The results? Surprisingly, some very basic habits, says Dr. David Eccles, a psychology professor and research scientist at Florida State’s Learning Systems Institute. He boils them down to the Simple 6:
Talk money with your partner.
Get advice from employers.
Work out what you’ll need.
Forecast what you’ll have.
Save more.
Owe less.
Question: What’s your definition of being financially fit?
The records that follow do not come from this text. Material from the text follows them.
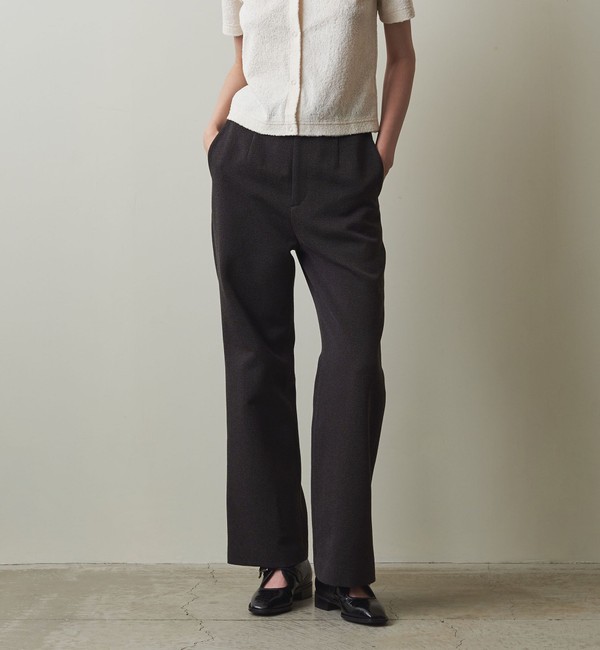 Steven Alan＞BOUCLE EASY PANTS/パンツ|BEAUTY&YOUTH UNITED ARROWS(ビューティーアンドユース  ユナイテッドアローズ)の通販｜アイルミネ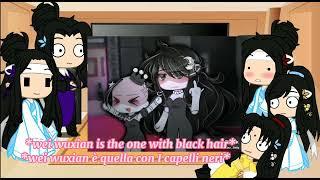 mdzs reagiscono a wei wuxian as random gacha tik tok|MDZS|️GACHA CLUB️|part 3/3|ITA and ING|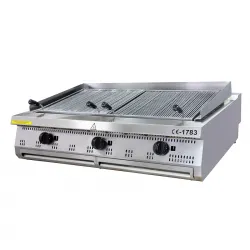 Grill on gas with 3 zones "Chargrill" - Series 900 from "Maxima"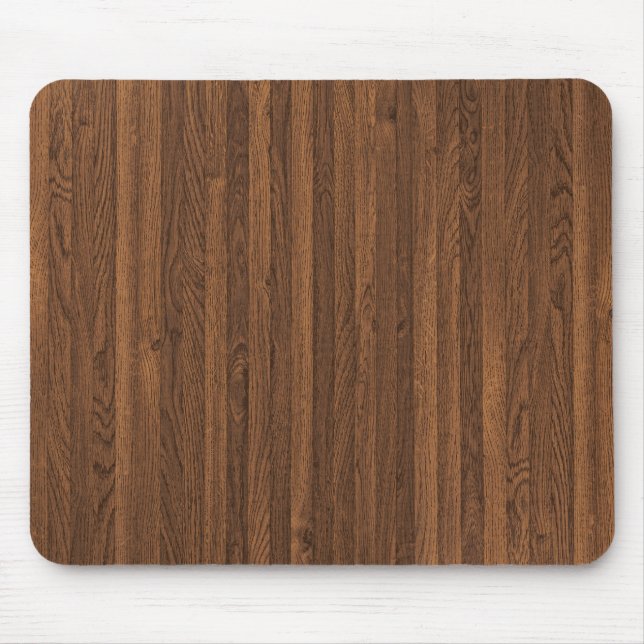 Randigt Wood korn MousePad Musmatta (Framsidan)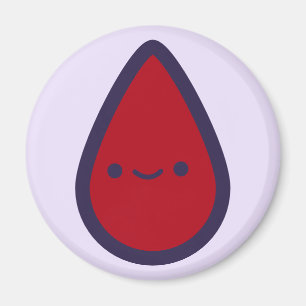 Fäst perioden på Pad Lila Party Game Biet Magnet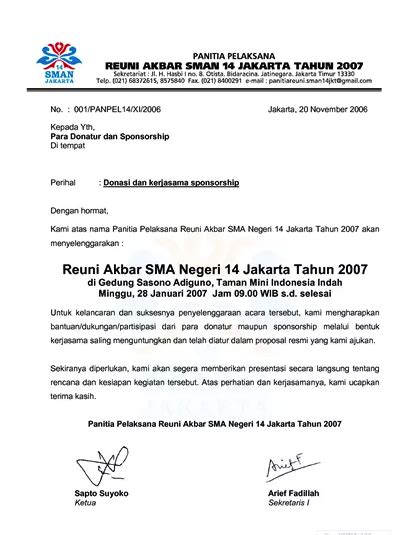 Contoh Surat Undangan Tugas - RUANG-SIPIL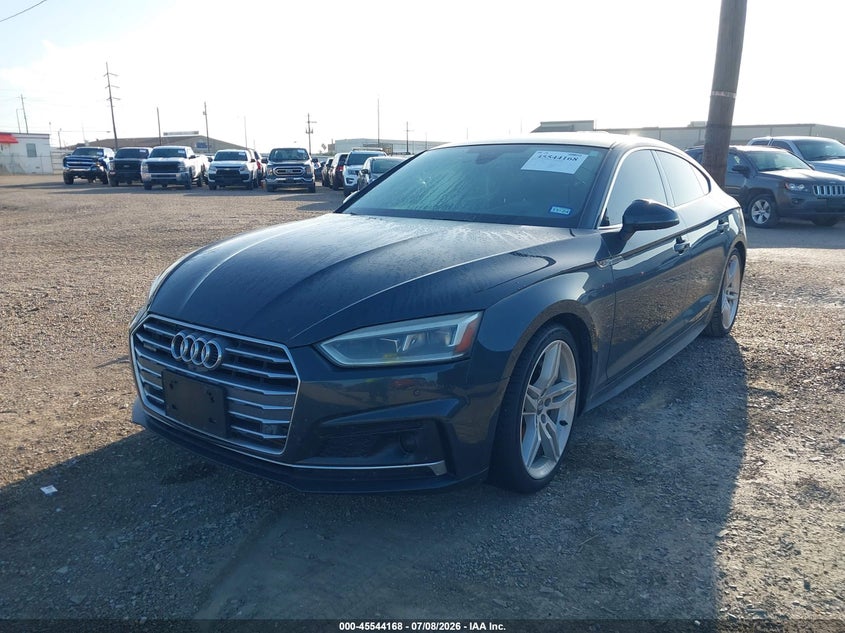 Vin: waufncf5xja126570, lot: 46042437, audi a5 sportback prestige 20182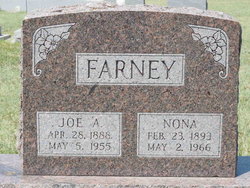 Joseph A “Joe” Farney 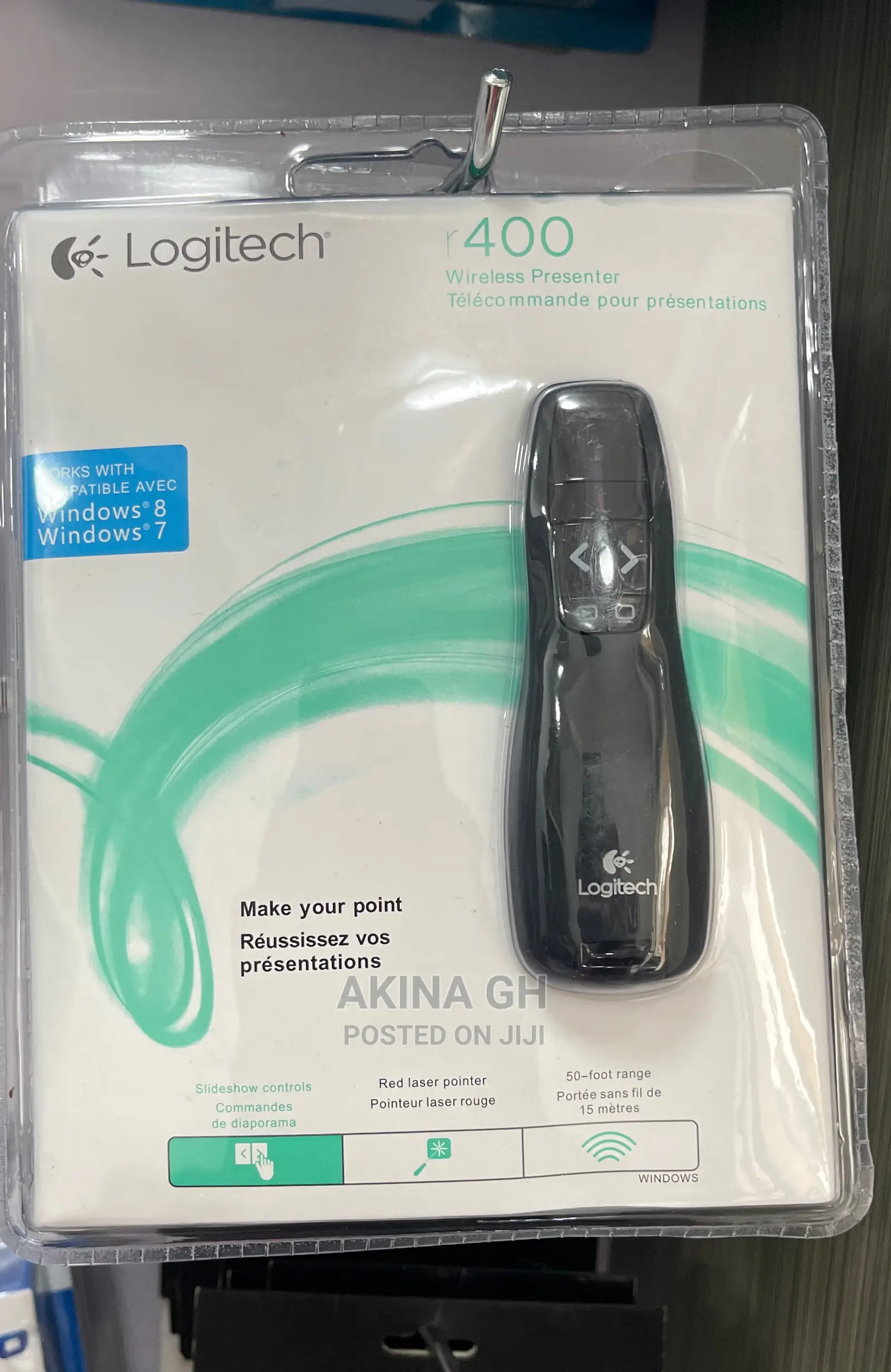 Logitech Wireless Laser Presenter Pointer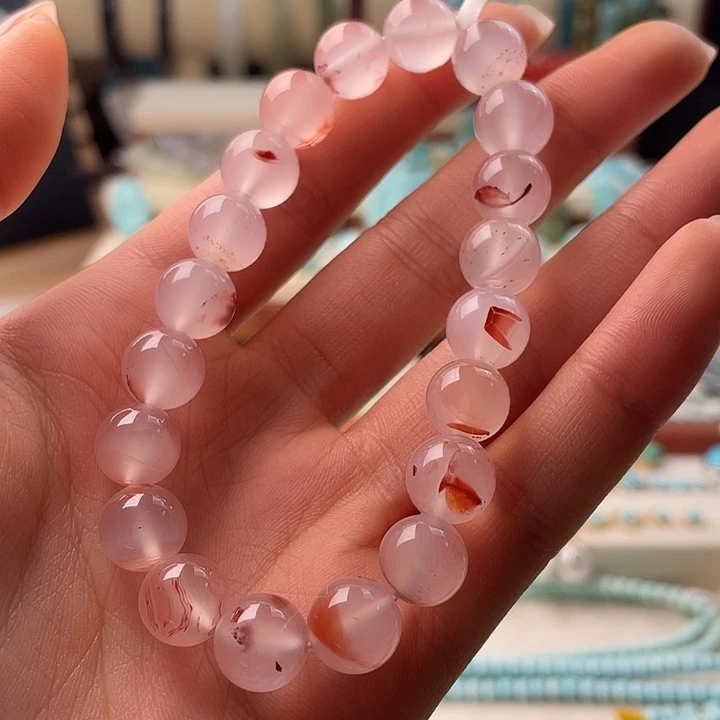 南红玛瑙未镶嵌手串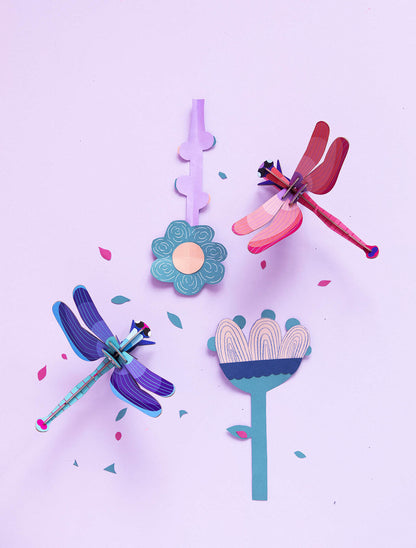 Ruby Dragonfly - StudioROOF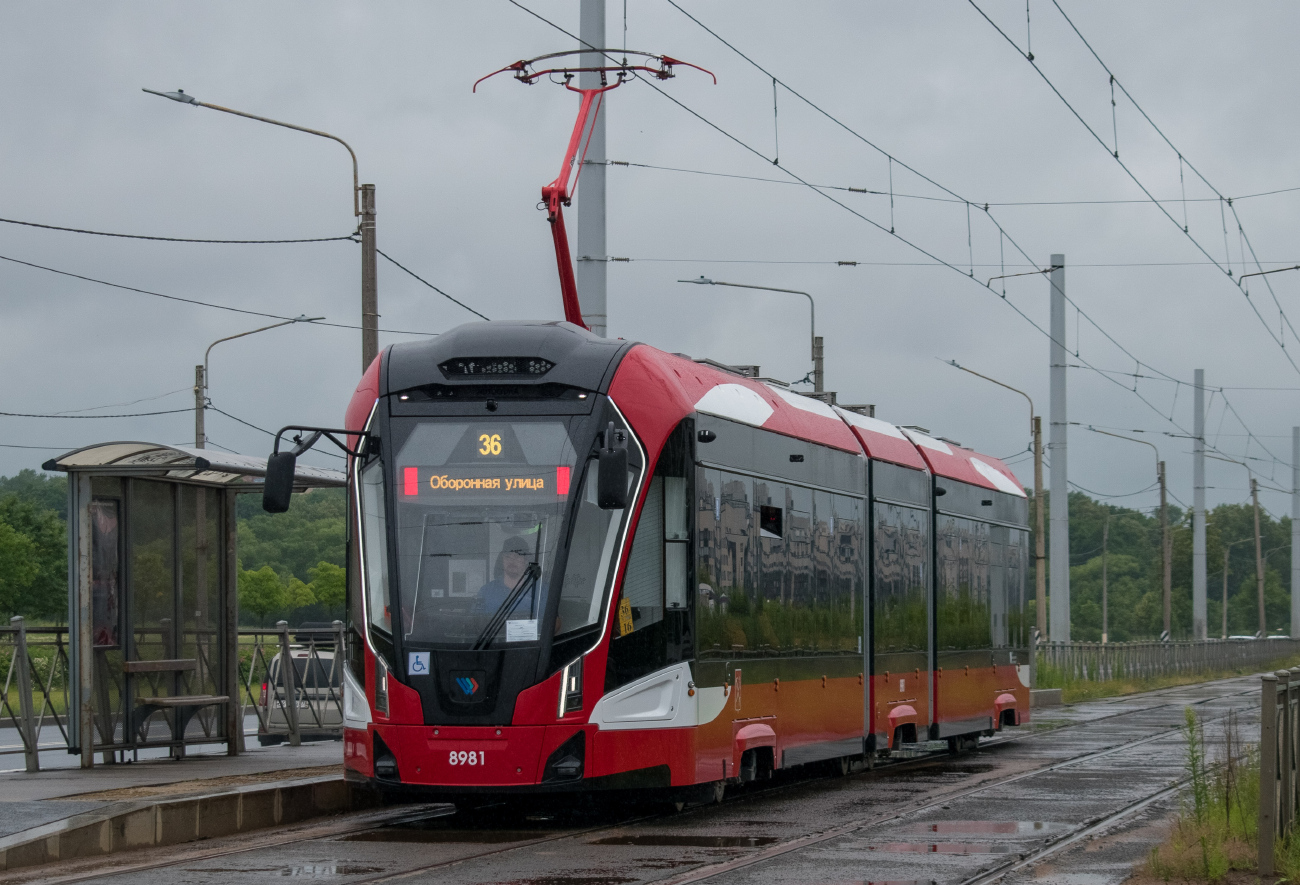 Санкт-Петербург, 71-931М «Витязь-М» № 8981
Answer: Like it or loathe it, the single biggest difference a person can make in (his or her) life — after your health — is to learn how to look after yourself financially … It means building the financial reserves to cope with life’s challenges and increase your ability to retire comfortably. We don’t set dollar amounts because it depends on people’s standard of living and their expectations. For some, that’s a husband, wife and three children who each have a cell phone and a laptop. Elsewhere, there is one cell phone and perhaps one laptop in the whole family. These things vary hugely.
Q: How’d you identity these financially savvy Americans whose habits are so laudable?
A: We had a sample of households who were very similar: married, average age 55, all had children, all owned a home, no bankruptcies, no divorces, all within 10 years max from retirement. The salaries ranged from $30,000 to $200,000, but the average was about $120,000 combined for husband and wife … within each group of our best/worst performers we had incomes in the low/middle/high ranges.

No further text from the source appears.